When configuring saving settings for the JPEG format in the Saving Images section of theConfigure digiKam window, you can choose between medium and high chroma subsampling, or disable it altogether.
But what is chroma subsampling and what does it do? As you may know, JPEG is a lossy format, which means that it trades quality for a smaller size. One of the methods for achieving a smaller size is to store color information (chroma) at a lower resolution than brightness (a.k.a intensity or luma) data. This is possible due to the fact that the human eye is less sensitive to color than brightness, so discarding color information doesn’t produce a perceptible loss of quality.

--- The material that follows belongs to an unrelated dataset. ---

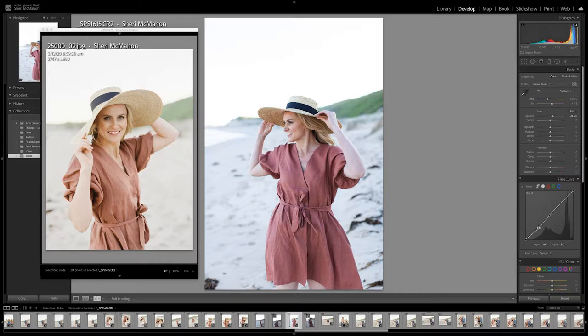You can tell that the digital image is quite blue, so we're going to pump a bit of yellow into it. I'll start up here at the top and just pull that yellow slider over. That's not looking too bad. And we've got to try and get the skin tones to match in the same way.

Most graphical applications do that by using the 2×2 chroma subsampling method that breaks the image into 2×2 pixel blocks and only stores the average color information for each 2×2 pixel group. digiKam deploys two subsampling schemes. The 4:2:2 ratio is used for the Medium chroma subsampling that reduces color resolution by 1/3 with no perceptible difference. The High chroma subsampling uses the 4:1:1 ratio and reduces color resolution by half. This results in higher compression but tends to alter colors. The Chroma subsampling Wikipedia article provides more information about chroma subsampling and various schemes.
Unscientific tests show that the subsampling methods deployed by digiKam can achieve up to 20% size reduction (i.e., a ~19MB JPEG file can be compressed to ~15MB using the high chroma subsampling). For collections containing thousands of photos, this translates into significant disk space and bandwidth savings.